The Trump administration has quietly erased pages on the Stonewall National Monument website referencing bisexual individuals, according to journalist Erin Reed.
Earlier this year, under Trump’s presidency, authorities digitally removed references to transgender people from the same site, sparking protests and raising concerns about censorship of LGBTQ+ history.
Reed, an independent journalist and transgender woman, said in an Instagram reel: “As the famous Niemöller poem goes, ‘First they came for…’ And now they’re coming for bisexual people.”
“They are literally doing bi-erasure” – Erin Reed
She highlighted changes to the language used on the site: “On Stonewall’s website it read that before the 1960s, almost everything about living openly as a lesbian, gay or bisexual was illegal — as if living as a transgender person was not illegal at that time. Well, just this month they’ve made a new change. It now reads that almost everything about living authentically as a gay or lesbian person was illegal.
“They are literally doing bi-erasure.”
Reed also pointed to other changes: “They say it was a milestone for gay and lesbian civil rights, where it used to say LGBTQ civil rights… and now they say living as a member of the Stonewall community was a violation of the law — rather than saying the LGBTQ community.”
In a statement issued by the Stonewall Inn and the Stonewall Inn Gives Back Initiative in February, reps said they were “outraged” by the changes that erased the trans community from its history.

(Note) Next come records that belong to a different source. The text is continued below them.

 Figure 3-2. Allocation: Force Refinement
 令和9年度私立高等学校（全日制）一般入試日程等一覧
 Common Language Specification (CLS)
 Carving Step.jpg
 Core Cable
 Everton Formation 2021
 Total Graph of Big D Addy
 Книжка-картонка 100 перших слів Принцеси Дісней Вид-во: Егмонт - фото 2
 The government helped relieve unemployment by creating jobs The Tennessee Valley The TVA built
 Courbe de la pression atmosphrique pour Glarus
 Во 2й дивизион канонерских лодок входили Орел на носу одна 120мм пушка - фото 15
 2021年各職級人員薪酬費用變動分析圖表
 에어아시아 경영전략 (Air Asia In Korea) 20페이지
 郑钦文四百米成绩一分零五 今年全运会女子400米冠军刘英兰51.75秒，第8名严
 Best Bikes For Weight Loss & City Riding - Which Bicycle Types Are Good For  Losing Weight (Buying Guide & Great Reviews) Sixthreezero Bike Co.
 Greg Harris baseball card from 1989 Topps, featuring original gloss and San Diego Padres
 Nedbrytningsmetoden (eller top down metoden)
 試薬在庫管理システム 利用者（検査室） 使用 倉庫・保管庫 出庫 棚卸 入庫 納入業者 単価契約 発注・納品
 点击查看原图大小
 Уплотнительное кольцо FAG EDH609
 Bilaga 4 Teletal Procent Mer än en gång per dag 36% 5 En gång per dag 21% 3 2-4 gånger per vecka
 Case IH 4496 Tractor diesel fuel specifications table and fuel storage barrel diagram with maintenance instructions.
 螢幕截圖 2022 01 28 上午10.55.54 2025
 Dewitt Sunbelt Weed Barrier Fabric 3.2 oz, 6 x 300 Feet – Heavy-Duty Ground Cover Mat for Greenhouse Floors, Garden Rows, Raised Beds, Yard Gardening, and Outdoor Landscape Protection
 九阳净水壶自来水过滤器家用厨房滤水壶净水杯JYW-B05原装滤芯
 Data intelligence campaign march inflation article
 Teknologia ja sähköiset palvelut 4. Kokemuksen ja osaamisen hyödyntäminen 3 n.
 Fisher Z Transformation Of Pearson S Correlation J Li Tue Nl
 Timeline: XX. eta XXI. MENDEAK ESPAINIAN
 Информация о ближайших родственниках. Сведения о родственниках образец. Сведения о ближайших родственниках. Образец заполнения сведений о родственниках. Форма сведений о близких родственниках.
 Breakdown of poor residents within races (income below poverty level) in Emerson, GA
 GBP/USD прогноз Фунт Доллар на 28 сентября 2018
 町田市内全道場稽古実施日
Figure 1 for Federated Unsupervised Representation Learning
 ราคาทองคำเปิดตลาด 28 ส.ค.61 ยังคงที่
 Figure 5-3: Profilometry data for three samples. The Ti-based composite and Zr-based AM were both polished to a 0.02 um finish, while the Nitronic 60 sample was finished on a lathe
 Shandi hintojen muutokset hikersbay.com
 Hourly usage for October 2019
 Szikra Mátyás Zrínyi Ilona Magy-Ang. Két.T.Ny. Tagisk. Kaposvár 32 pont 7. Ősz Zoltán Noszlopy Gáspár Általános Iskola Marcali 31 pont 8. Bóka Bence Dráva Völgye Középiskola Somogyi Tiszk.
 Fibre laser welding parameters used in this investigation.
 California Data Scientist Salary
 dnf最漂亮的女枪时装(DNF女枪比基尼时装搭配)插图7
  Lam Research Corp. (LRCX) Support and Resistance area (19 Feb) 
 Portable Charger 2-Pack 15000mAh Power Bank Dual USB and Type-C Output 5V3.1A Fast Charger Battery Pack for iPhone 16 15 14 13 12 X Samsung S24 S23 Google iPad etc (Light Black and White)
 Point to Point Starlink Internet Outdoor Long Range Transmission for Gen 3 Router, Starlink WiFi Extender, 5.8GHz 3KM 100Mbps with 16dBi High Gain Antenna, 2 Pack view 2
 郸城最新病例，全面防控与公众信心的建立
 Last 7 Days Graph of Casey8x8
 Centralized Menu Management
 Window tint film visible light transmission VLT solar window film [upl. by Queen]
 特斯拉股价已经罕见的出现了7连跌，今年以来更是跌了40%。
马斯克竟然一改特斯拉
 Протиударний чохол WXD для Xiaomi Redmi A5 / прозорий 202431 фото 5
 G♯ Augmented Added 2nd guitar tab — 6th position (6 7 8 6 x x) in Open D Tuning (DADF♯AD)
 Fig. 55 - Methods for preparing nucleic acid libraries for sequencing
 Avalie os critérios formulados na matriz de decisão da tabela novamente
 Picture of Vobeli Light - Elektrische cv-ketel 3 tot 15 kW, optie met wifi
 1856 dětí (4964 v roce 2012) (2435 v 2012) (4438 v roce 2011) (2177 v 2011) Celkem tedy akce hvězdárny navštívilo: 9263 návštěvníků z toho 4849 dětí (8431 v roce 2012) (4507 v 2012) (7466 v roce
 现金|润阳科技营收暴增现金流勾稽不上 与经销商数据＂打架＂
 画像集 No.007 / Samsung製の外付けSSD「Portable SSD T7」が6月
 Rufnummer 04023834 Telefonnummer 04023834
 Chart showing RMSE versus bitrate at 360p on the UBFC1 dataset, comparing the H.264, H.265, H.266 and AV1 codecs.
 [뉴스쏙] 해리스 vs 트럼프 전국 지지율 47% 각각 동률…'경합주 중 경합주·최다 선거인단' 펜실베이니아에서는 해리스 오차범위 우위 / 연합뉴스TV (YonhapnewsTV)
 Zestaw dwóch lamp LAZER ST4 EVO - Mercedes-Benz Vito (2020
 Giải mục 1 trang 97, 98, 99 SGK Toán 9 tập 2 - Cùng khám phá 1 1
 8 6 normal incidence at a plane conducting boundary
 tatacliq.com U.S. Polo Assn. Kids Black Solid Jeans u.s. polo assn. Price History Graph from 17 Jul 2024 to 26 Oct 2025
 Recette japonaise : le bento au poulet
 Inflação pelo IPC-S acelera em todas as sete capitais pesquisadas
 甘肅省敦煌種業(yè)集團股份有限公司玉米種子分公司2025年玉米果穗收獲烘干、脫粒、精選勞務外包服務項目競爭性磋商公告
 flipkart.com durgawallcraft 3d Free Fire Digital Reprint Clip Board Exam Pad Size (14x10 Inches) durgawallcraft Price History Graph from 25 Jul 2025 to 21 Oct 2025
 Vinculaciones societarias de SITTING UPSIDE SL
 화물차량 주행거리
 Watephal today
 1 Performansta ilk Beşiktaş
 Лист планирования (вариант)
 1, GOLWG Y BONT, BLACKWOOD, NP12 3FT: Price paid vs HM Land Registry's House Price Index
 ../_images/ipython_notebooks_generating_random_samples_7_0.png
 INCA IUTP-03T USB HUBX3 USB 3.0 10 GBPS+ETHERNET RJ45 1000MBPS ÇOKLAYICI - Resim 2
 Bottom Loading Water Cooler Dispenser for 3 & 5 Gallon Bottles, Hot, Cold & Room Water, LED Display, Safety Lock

The omission comes despite growing evidence that bisexual people represent a majority of the LGBTQ+ population in the United States
A recent Gallup poll found that 58 percent of LGBTQ+ adults in the US identify as bisexual, reinforcing what some researchers have described as the “invisible majority” within the queer community.
While the administration’s digital alterations have sparked concern, the National LGBTQ Wall of Honor at the Stonewall Inn remains unchanged. Its latest honourees include seven transgender icons.